Incentives for Biodefense Countermeasure Development - Center for Biosecurity, University of Pittsburgh Medical Center - This article looks at some of the reasons why big drug companies aren't getting involved in biodefense, or anti-infectious disease vaccines in general, and how to encourage them. Some of the problems are similar to those experienced in many space business concepts, like reliance on a largely government market, high R&D costs and risks, and legal/regulatory barriers. Many of the existing and potential encouragements are also similar to those often mentioned in a space context. An excerpt:
In this article, we discuss the challenges to industrial investment in countermeasure development, review existing and proposed federal incentives for countermeasure R&D, and recommend measures to increase industry’s engagement in the medical countermeasure enterprise.

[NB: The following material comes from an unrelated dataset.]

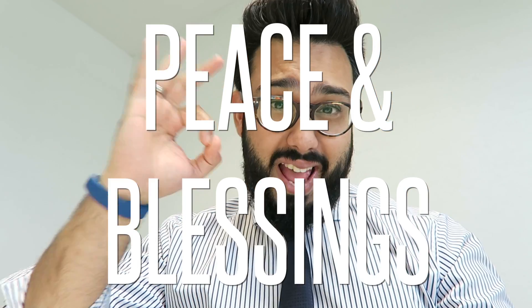Yo, what's up YouTube? Welcome back to another video here on Emquan Reviews. I'm Emquan. Peace and blessings to all out there. I hope you're all well. Thank you for joining me.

One prize-like incentive discussed is the "priority review voucher" which allows a company that puts a qualifying product on market to get a (possibly tradeable) "bump to the head of the line" in the FDA drug review queue. There's also a section that evaluates "pure" innovation prizes, although, unlike priority review vouchers, the article doesn't call out prizes as a recommended incentive to add to the current mix.
My personal inclination would be to try a small biodefense prize program to see how it works in that field, but target the prizes towards innovations and advances that are achievable by small biotech entrepreneurs and research labs rather than industrial scale pharmaceutical giants. The motivation of prizes at a personal level and from the publicity perspective are likely to apply most powerfully at that level.